▽
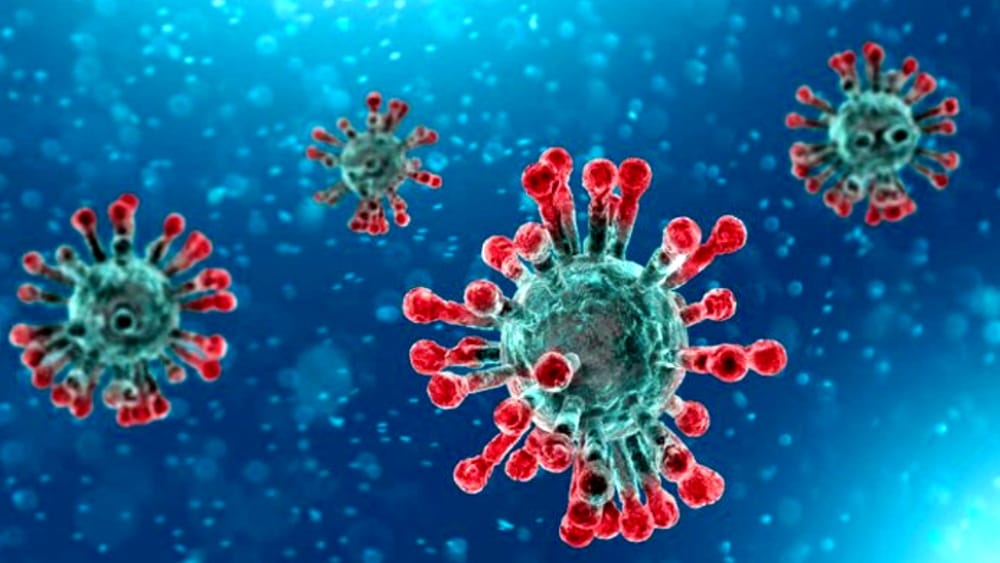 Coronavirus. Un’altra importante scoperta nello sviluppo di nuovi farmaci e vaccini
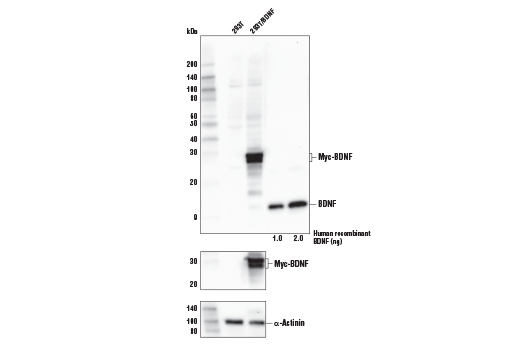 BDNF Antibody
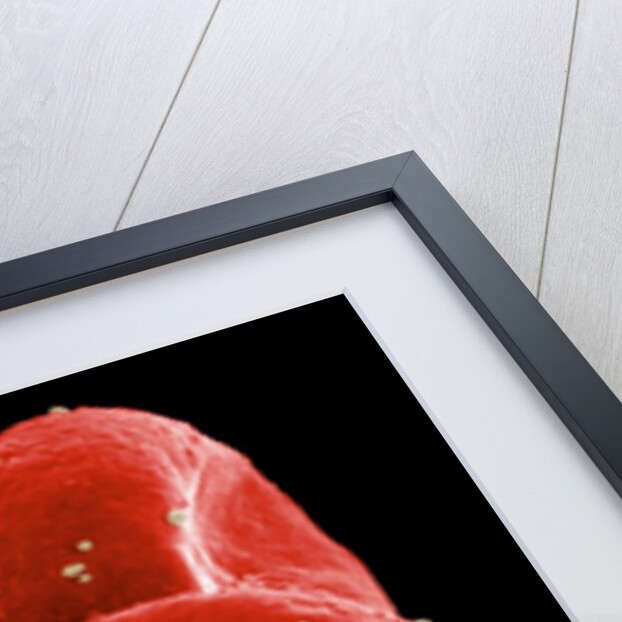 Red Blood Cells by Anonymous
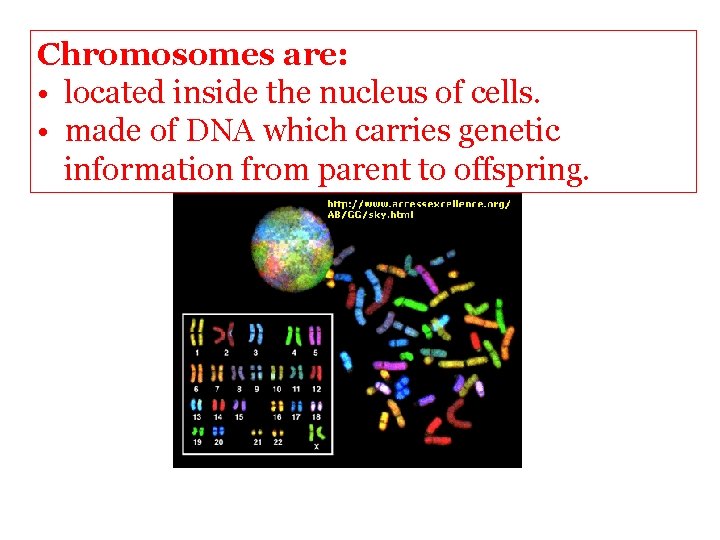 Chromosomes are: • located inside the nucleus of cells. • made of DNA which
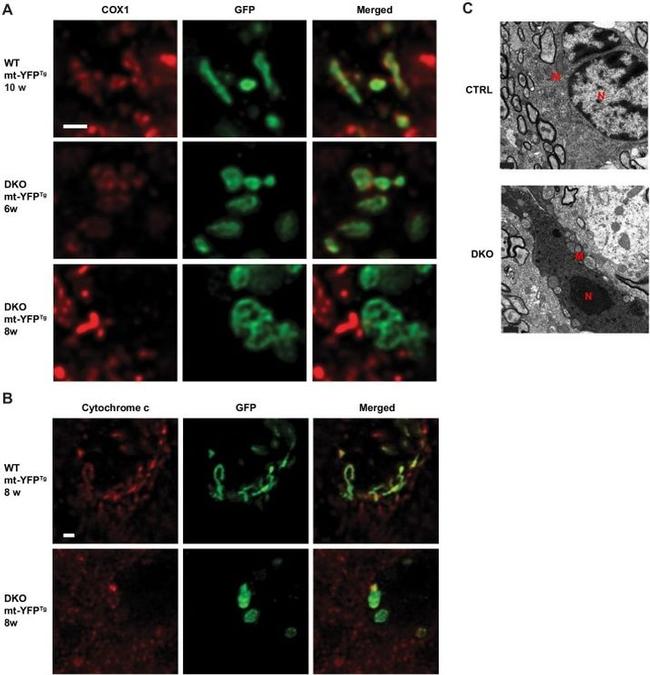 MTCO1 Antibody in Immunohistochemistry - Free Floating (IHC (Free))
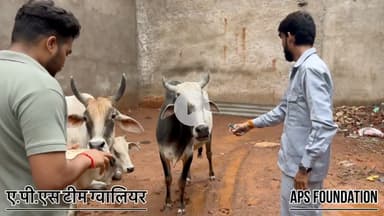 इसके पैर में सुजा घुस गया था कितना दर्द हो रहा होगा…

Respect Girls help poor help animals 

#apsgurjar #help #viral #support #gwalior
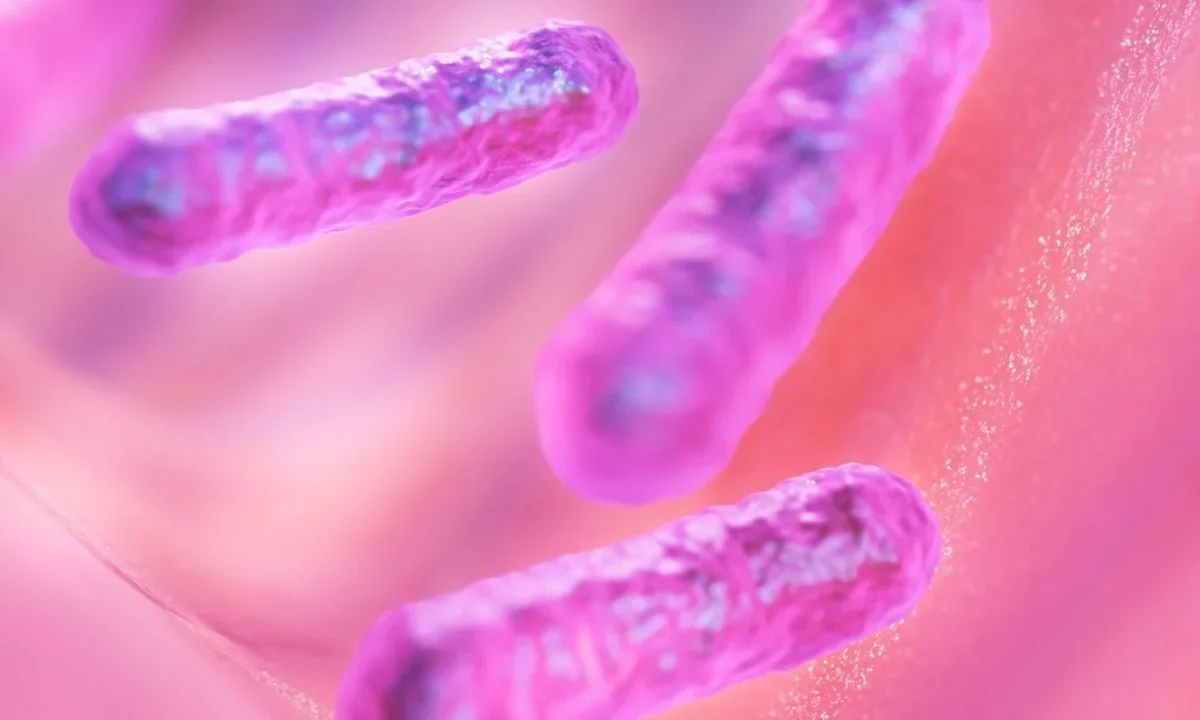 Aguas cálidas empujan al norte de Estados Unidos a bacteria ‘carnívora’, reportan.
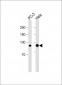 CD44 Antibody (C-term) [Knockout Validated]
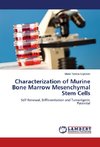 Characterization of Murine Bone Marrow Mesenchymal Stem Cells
△
▽
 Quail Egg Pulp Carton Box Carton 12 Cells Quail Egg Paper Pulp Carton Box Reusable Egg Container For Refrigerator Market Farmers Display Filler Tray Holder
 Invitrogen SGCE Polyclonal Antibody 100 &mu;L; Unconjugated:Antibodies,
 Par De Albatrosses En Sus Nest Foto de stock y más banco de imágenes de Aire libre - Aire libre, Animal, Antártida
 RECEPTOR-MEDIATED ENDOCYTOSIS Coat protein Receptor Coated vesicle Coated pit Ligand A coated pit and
△
What you have to do: Set down exactly the lines above, from the line containing "BDNF Antibody" through the line containing "#apsgurjar #help #viral #support #gwalior". Skip the pictures.

Response area:
 BDNF Antibody
 Red Blood Cells by Anonymous
 Chromosomes are: • located inside the nucleus of cells. • made of DNA which
 MTCO1 Antibody in Immunohistochemistry - Free Floating (IHC (Free))
 इसके पैर में सुजा घुस गया था कितना दर्द हो रहा होगा…

Respect Girls help poor help animals 

#apsgurjar #help #viral #support #gwalior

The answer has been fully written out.